- Prompt -
All of the data below should come back exactly as written, minus its images.

- Data -

※

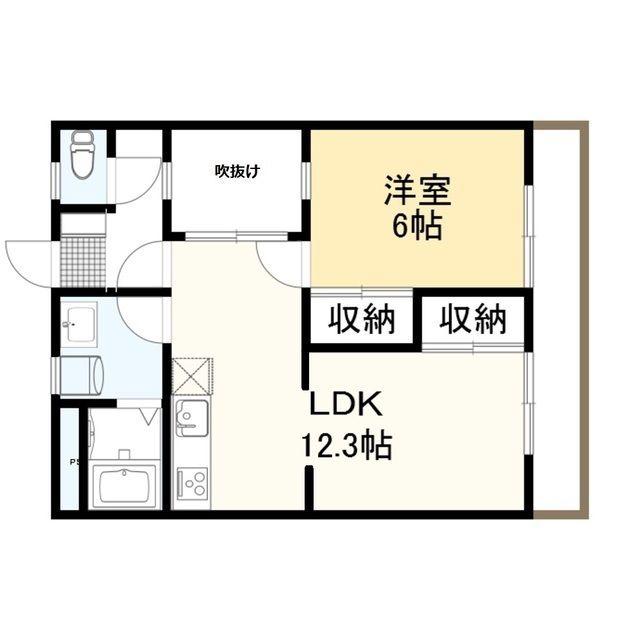 伊勢崎第2コートハウス(1LDK/2階)の間取り写真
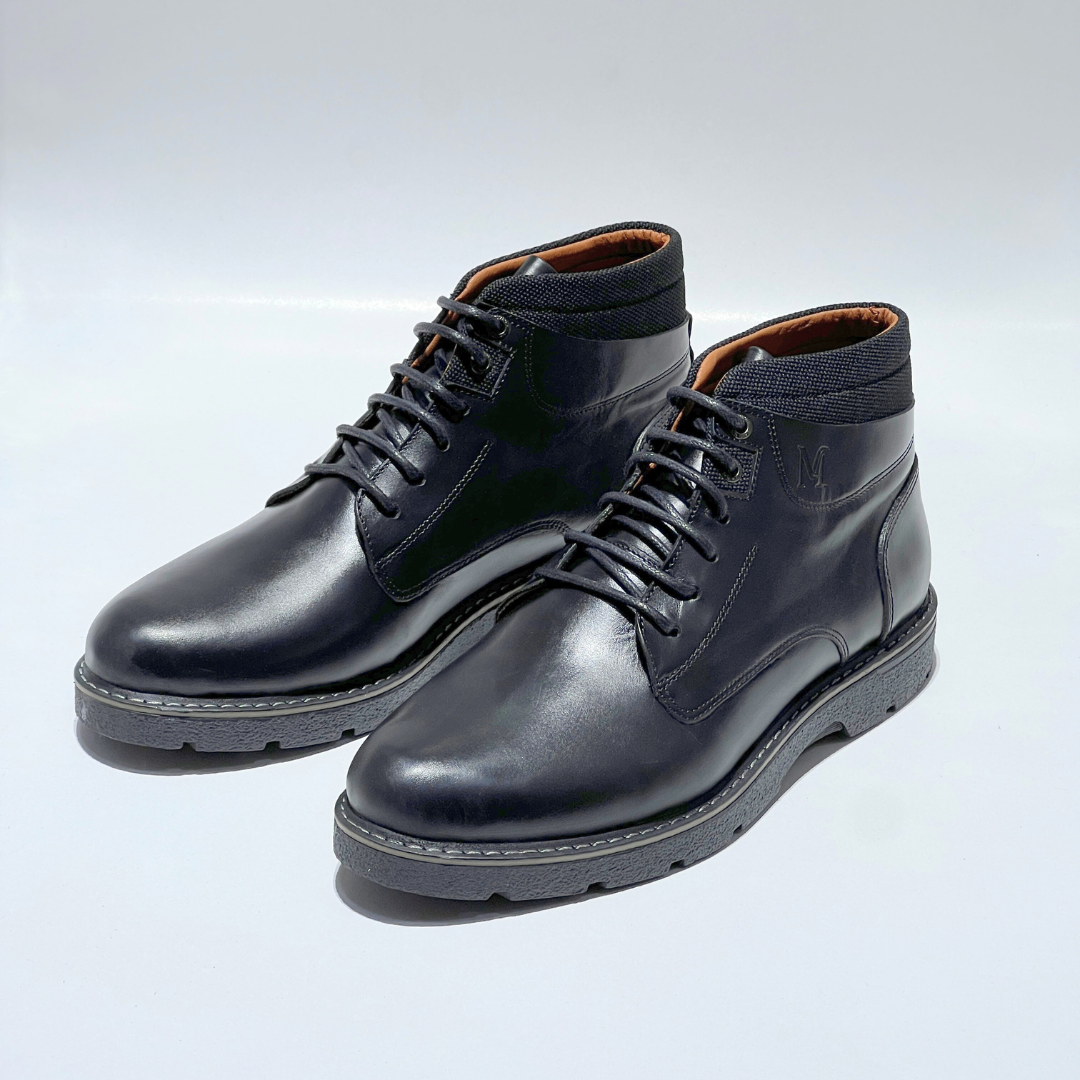 Bottines Pour Homme extra confortable en cuir 100% NOIR REF 037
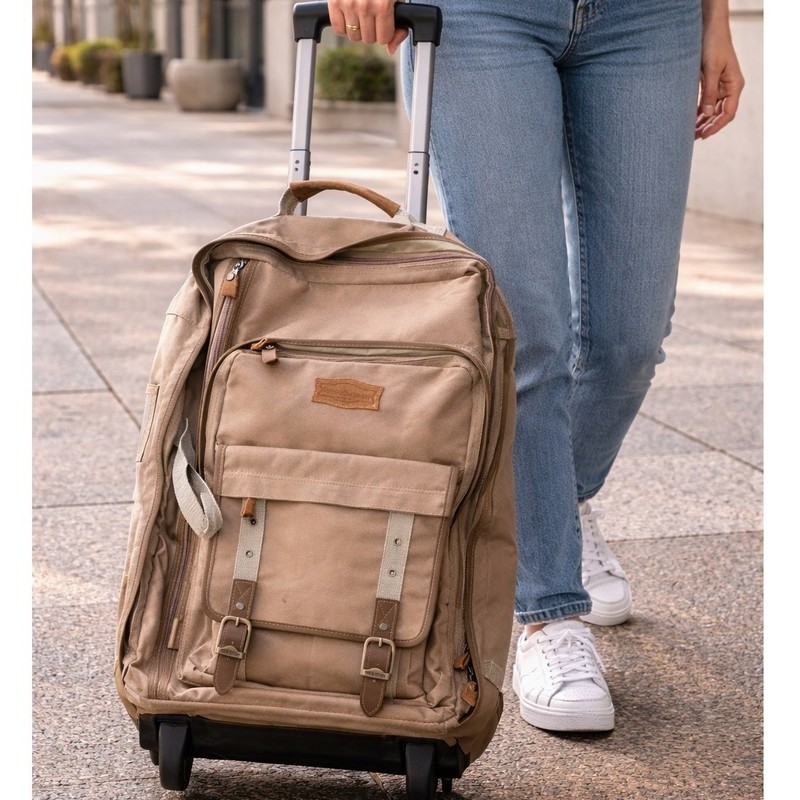Field & Stream Rolling Backpack Tan Canvas Travel Bag Luggage with Wheels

※

- Problem solution -
 伊勢崎第2コートハウス(1LDK/2階)の間取り写真
 Bottines Pour Homme extra confortable en cuir 100% NOIR REF 037
Field & Stream Rolling Backpack Tan Canvas Travel Bag Luggage with Wheels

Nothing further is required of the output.